**To do**
Everything in the listing below must be set down again exactly, apart from the pictures.

**Source data**
━━━
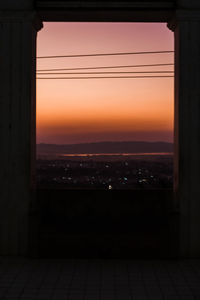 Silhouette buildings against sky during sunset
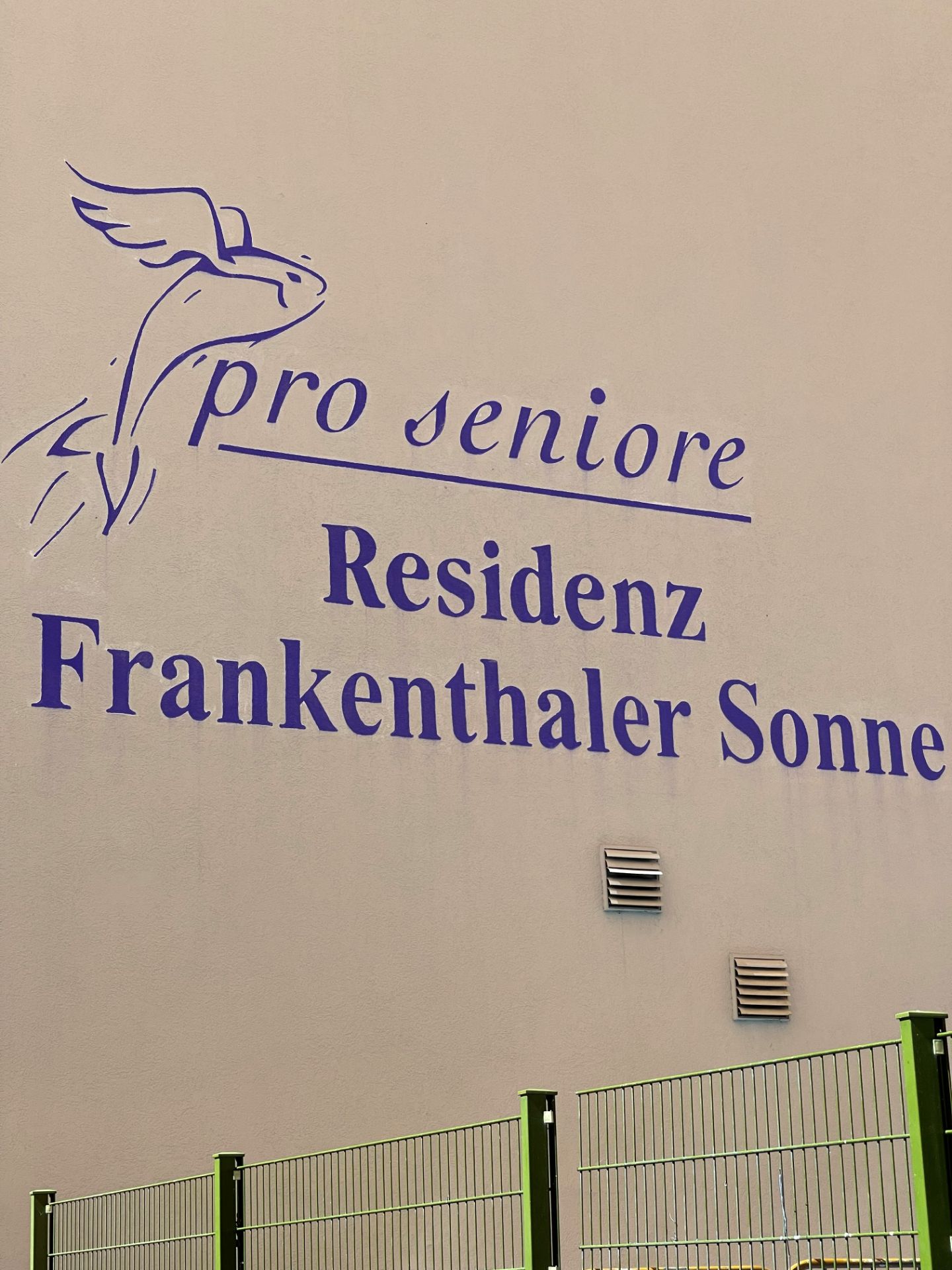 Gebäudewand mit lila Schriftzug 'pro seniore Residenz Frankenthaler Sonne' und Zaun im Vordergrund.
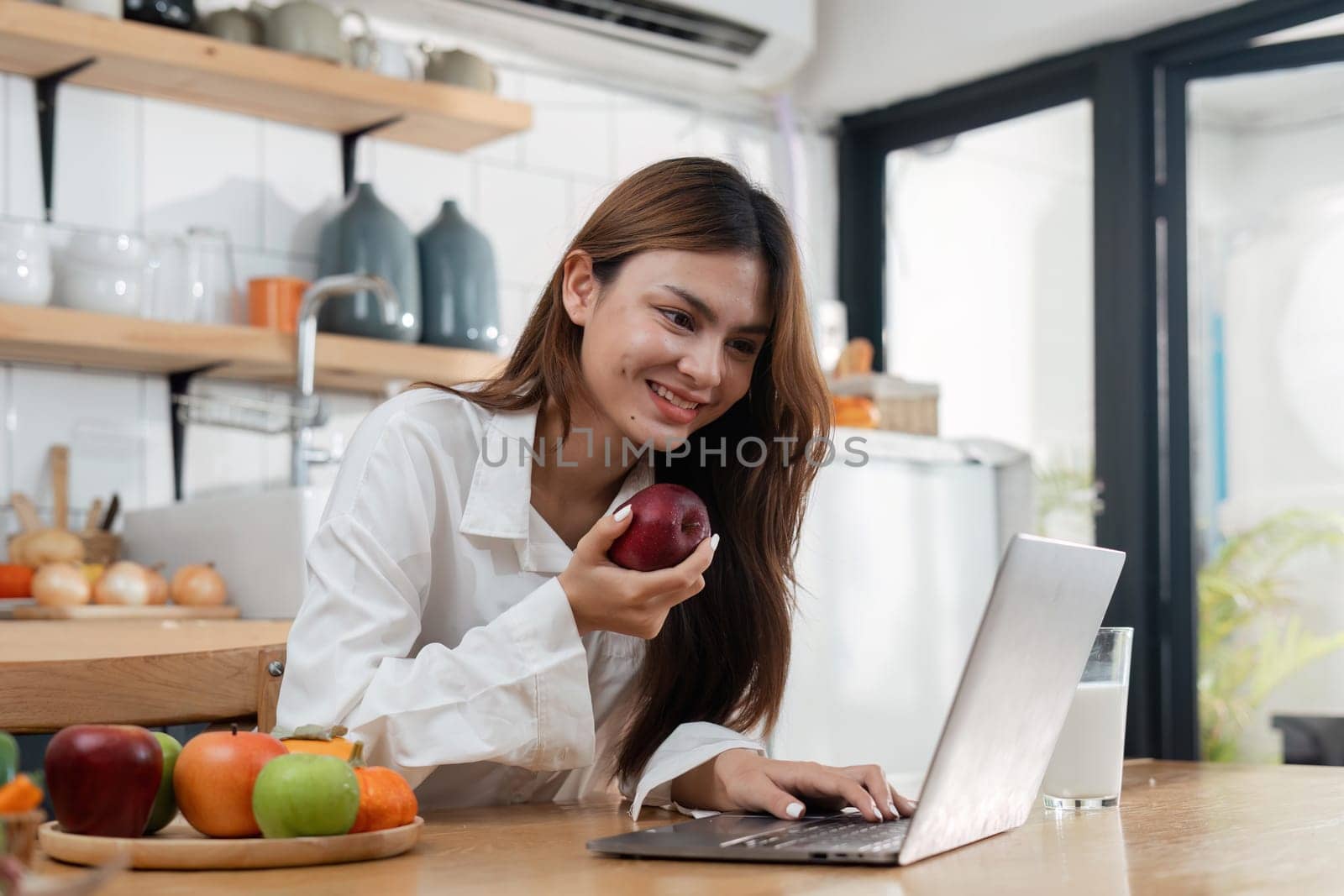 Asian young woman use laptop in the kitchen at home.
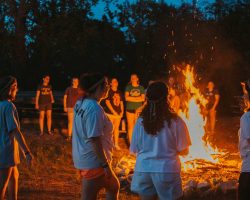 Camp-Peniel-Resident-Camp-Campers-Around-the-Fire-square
━━━
**Task solution**
 Silhouette buildings against sky during sunset
 Gebäudewand mit lila Schriftzug 'pro seniore Residenz Frankenthaler Sonne' und Zaun im Vordergrund.
 Asian young woman use laptop in the kitchen at home.
 Camp-Peniel-Resident-Camp-Campers-Around-the-Fire-square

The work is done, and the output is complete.